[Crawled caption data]

--- START ---

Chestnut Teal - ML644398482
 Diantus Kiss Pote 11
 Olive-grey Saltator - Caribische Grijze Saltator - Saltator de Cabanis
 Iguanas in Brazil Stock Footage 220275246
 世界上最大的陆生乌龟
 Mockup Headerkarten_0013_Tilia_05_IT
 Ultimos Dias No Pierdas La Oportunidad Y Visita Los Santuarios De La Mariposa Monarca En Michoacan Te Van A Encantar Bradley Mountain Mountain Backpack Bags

--- END ---

[About this exercise]
Set down only the line containing "Mockup Headerkarten_0013_Tilia_05_IT" and the lines after it through the end, exactly as they appear above.

[Solution for this task]
 Mockup Headerkarten_0013_Tilia_05_IT
 Ultimos Dias No Pierdas La Oportunidad Y Visita Los Santuarios De La Mariposa Monarca En Michoacan Te Van A Encantar Bradley Mountain Mountain Backpack Bags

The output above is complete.